I recommend degassing a wine only once. It’s a lot of work, especially if you use the agitation method (with a drill attachment), and there’s really no reason to degas in the middle of fermentation as you’ll only wind up with more suspended carbon dioxide anyway. Degassing through agitation can introduce oxygen into your wine so it’s best to keep that to a minimum.
There are times, however, when degassing a wine is difficult and you may have to come back for a second try. This can happen, for instance, if you’re degassing a wine that is cooler than 70 degrees F. This can take FOREVER (I know from extensive experience).
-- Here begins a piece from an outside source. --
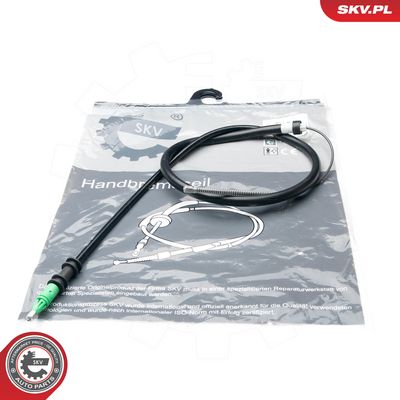 Ťažné lanko, parkovacia brzda ESEN SKV 26SKV233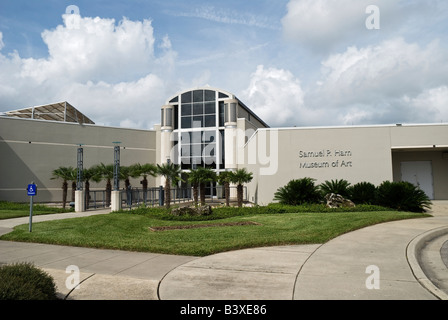 Museo di arte su University of Florida campus Gainesville Florida Foto Stock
If you find that your wine is not degassing very well and that you’re going to have to come back for an additional attempt make sure you rack off the sediment. Many wine kits have you add clarifiers and then degas as a way of both degassing the wine as well as mixing in the clarifier. Mixing the sediment back up after using a clarifier to settle it out can result in a wine that is difficult to clear.
In my own experience, I did this and ended up having to add a second dose of clarifier which can potentially start stripping character from the wine. Stirring up that first clarifier put everything back into suspension and the clarifier did not work a second time, thus the additional dose.
Another way to degas a wine is to draw a vacuum in your wine container. The drop in pressure will literally suck the carbon dioxide out of your wine.
As this method does not rely on agitation it does not introduce oxygen to your wine, nor does it disturb sediment that has collected on the bottom of the carboy. So you could degas as many times as you like as often as you like.
That being said, it still is a bit of work to set up the compressor and run the lines. Personally, I would not want to do all that more than once.
When to Degas a Wine
In summary I recommend degassing:
- only one time
- after fermentation is over
- at temperatures above 70F, ideally 75F (24C)
- before adding a clarifier or after you’ve racked off of settled sediment
Going by these rules reduces the risk of unnecessary oxygen exposure, needing to degas many times, and undoing the work of clarifiers.
Commercial Wineries Don’t Degas
Most commercial wineries do not degas their wines at all. They simply bulk age the wine long enough that the carbon dioxide escapes on its own. In so doing they avoid the cost of degassing equipment and having to invest the effort to get it done. You can do this too, even if you make wine from a kit. However, you’ll need lots of patience.
Also, as a side note, it is sometimes beneficial to degas mead during fermentation as the suspended carbon dioxide can inhibit the yeast. Because honey is difficult to ferment and most meads ferment for months at a time the yeast needs all the help it can get. Giving it nutrients and a good shake can help move things along. Grape and fruit wines do not need to be degassed during fermentation.